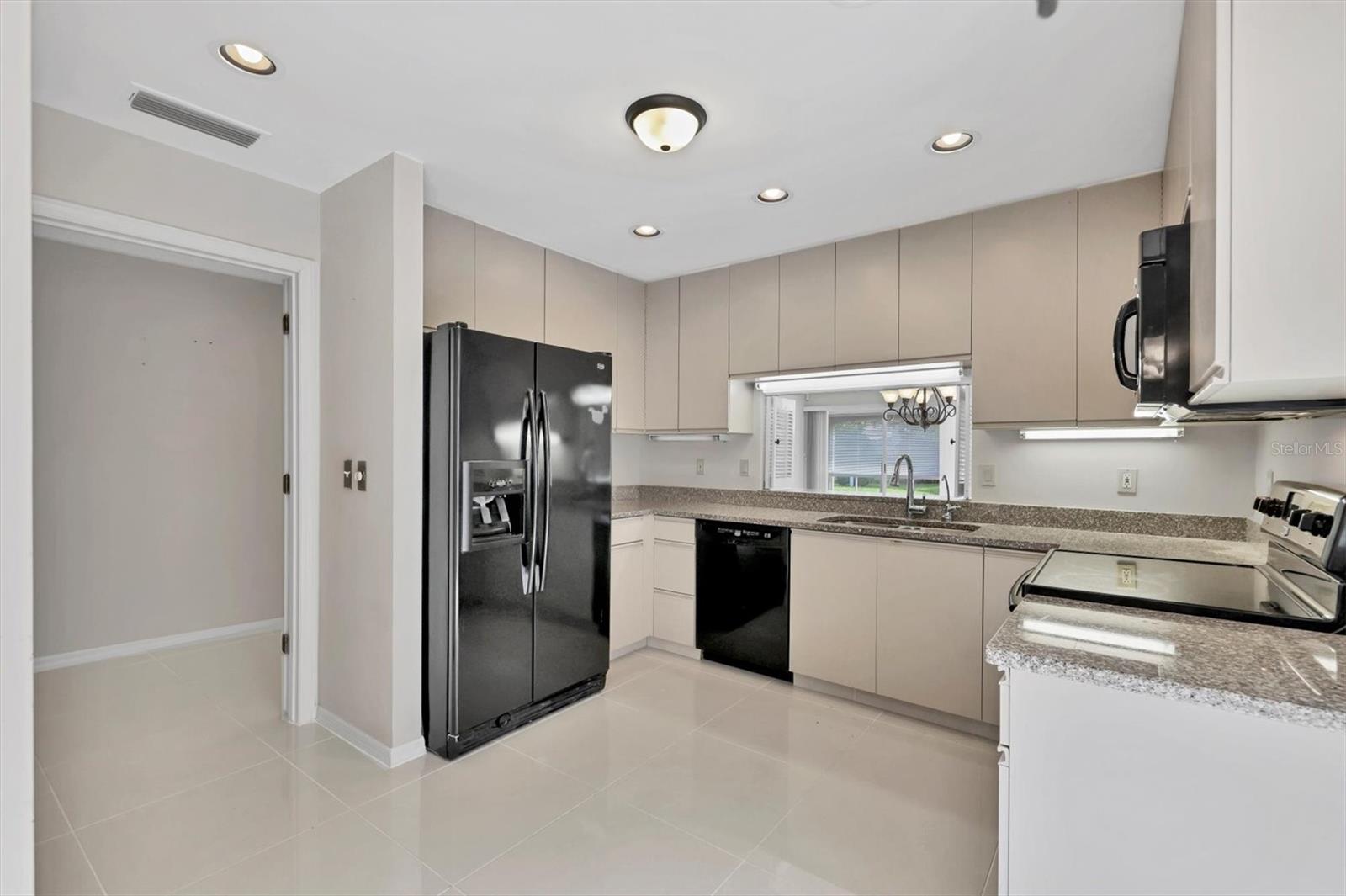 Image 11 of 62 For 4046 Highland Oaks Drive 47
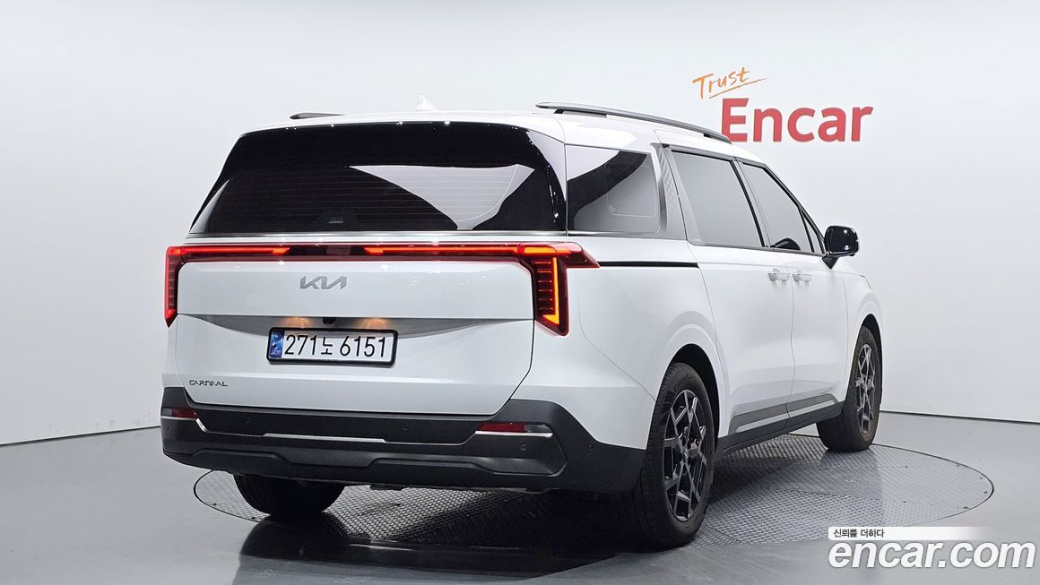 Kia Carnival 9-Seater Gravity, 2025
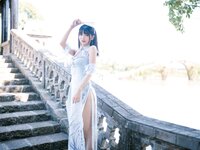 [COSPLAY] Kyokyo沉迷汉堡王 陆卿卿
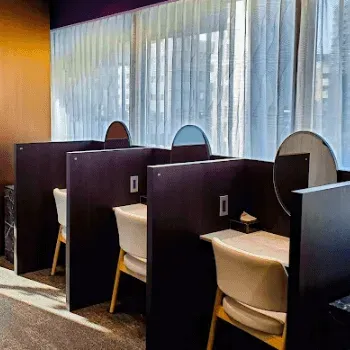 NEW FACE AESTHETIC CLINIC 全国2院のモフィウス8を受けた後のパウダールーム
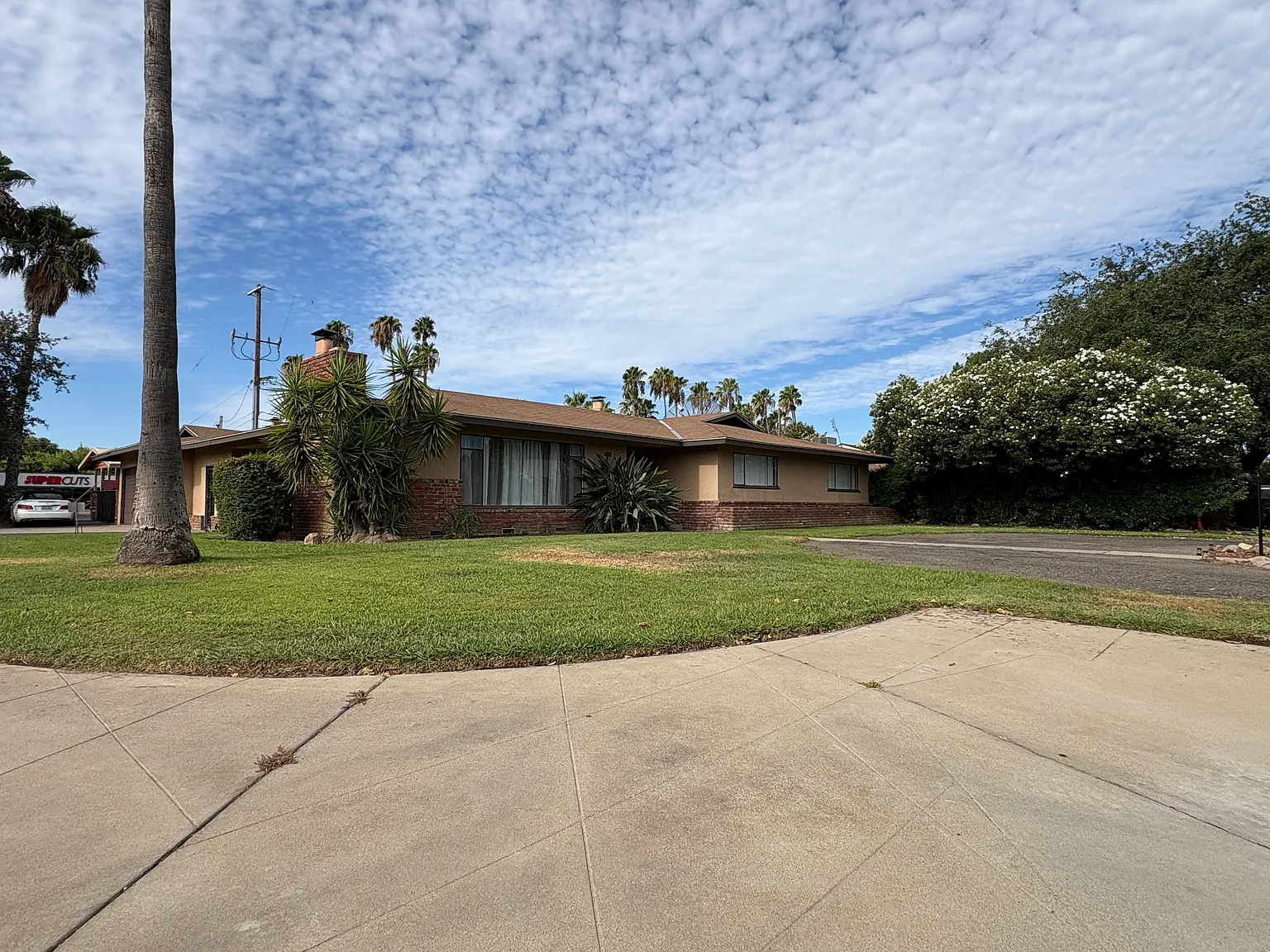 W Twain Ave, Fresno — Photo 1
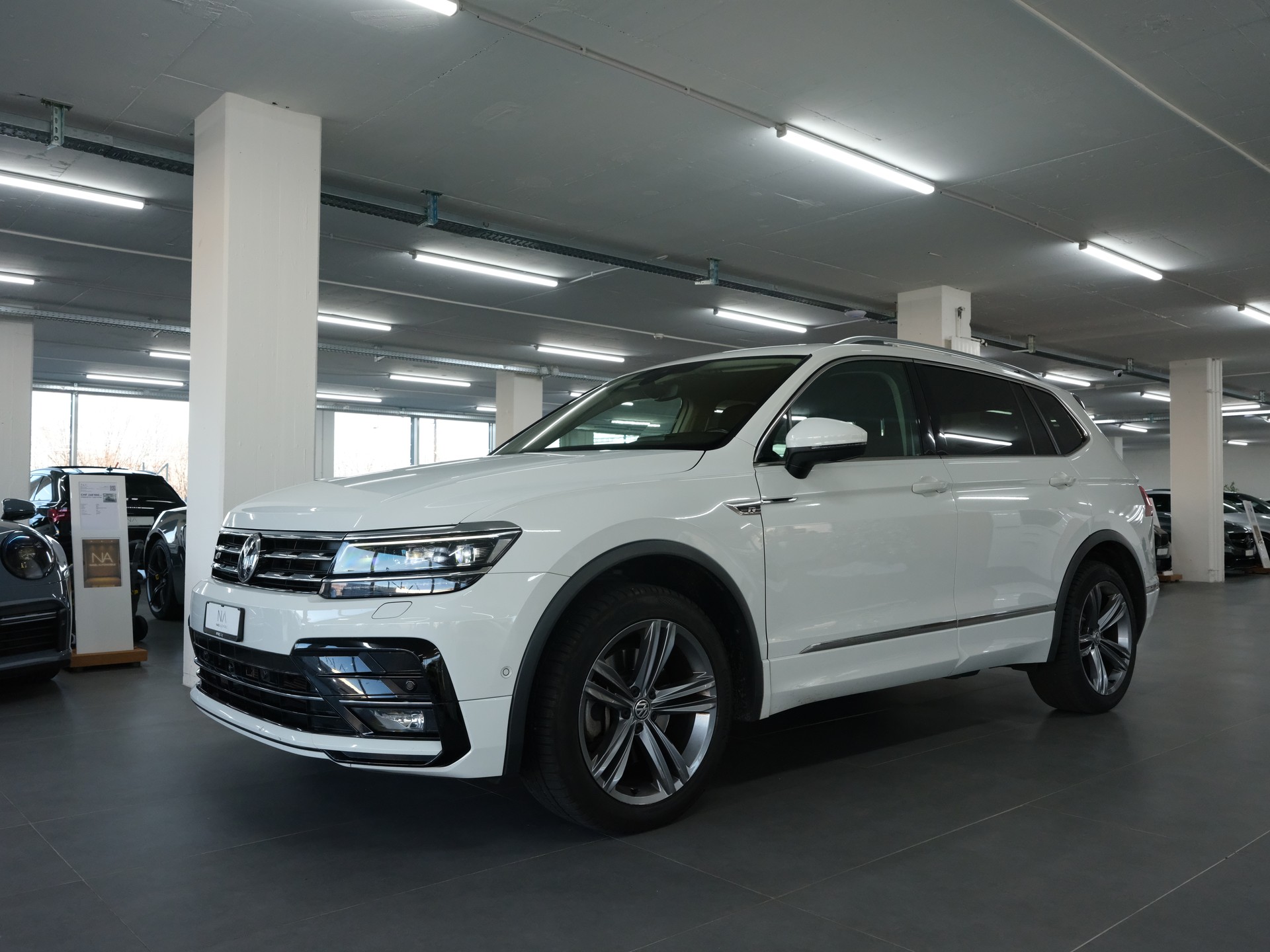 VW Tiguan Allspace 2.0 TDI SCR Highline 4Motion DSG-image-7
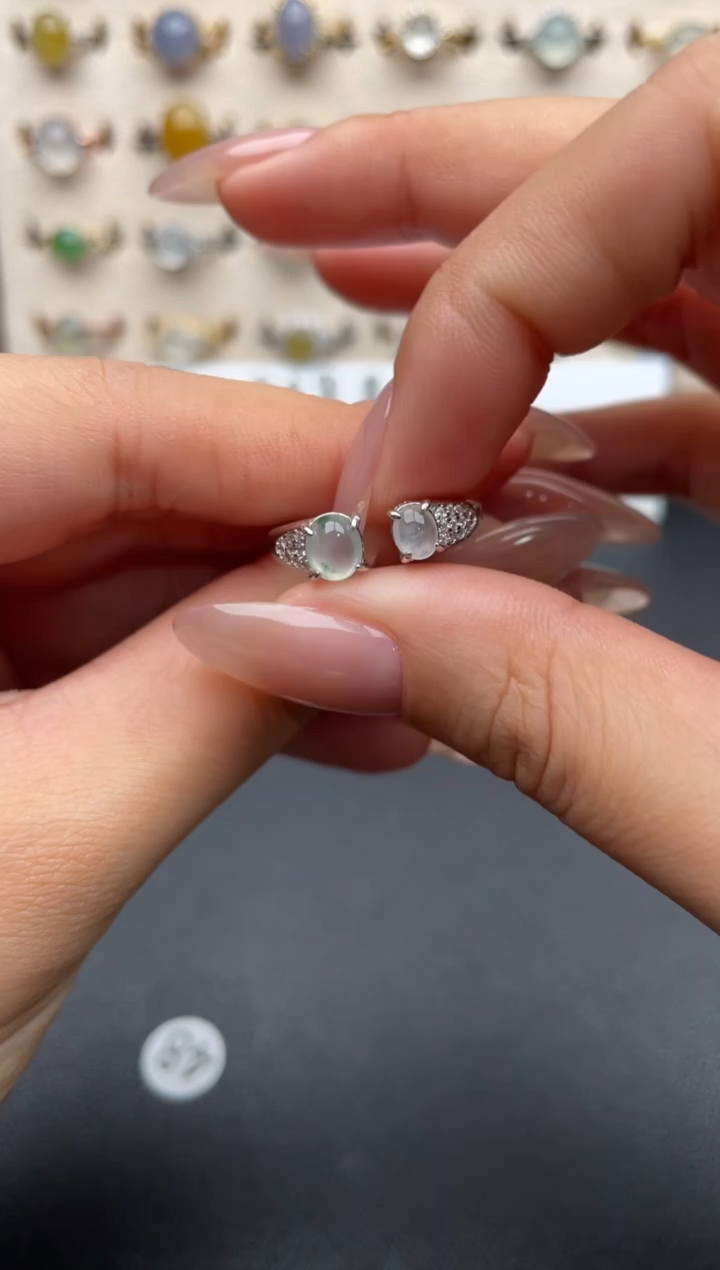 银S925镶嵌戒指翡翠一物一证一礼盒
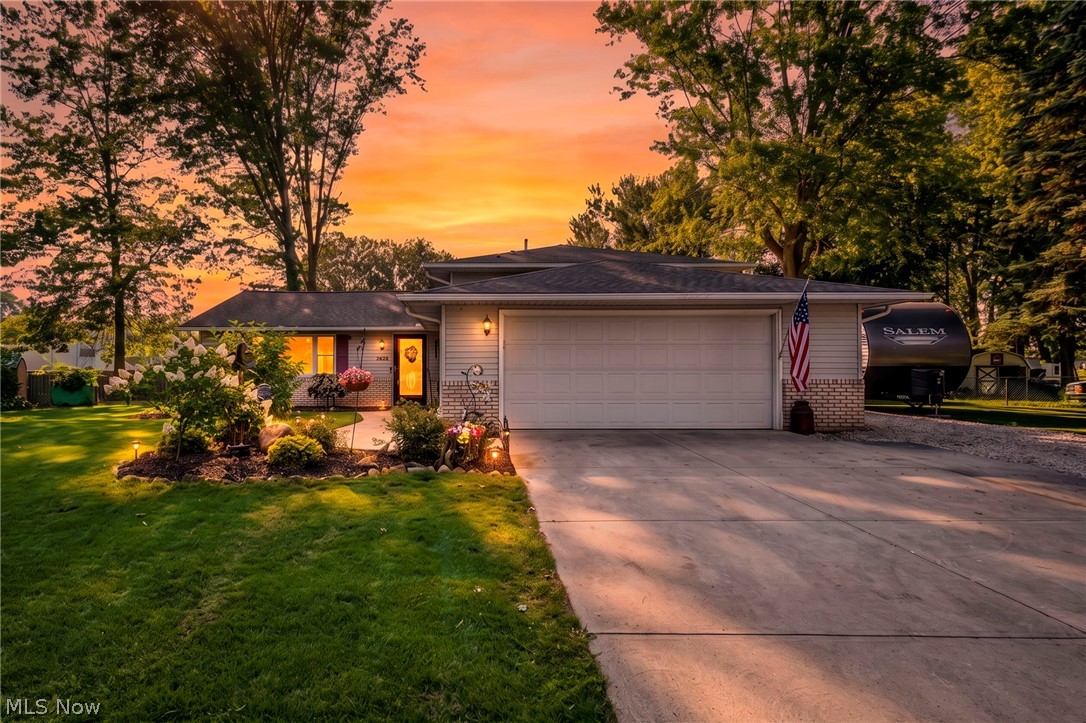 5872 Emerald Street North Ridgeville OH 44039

The task =>
The response should repeat every entry above exactly and include none of the pictures.

The completed task =>
 Image 11 of 62 For 4046 Highland Oaks Drive 47
 Kia Carnival 9-Seater Gravity, 2025
 [COSPLAY] Kyokyo沉迷汉堡王 陆卿卿
 NEW FACE AESTHETIC CLINIC 全国2院のモフィウス8を受けた後のパウダールーム
 W Twain Ave, Fresno — Photo 1
 VW Tiguan Allspace 2.0 TDI SCR Highline 4Motion DSG-image-7
 银S925镶嵌戒指翡翠一物一证一礼盒
 5872 Emerald Street North Ridgeville OH 44039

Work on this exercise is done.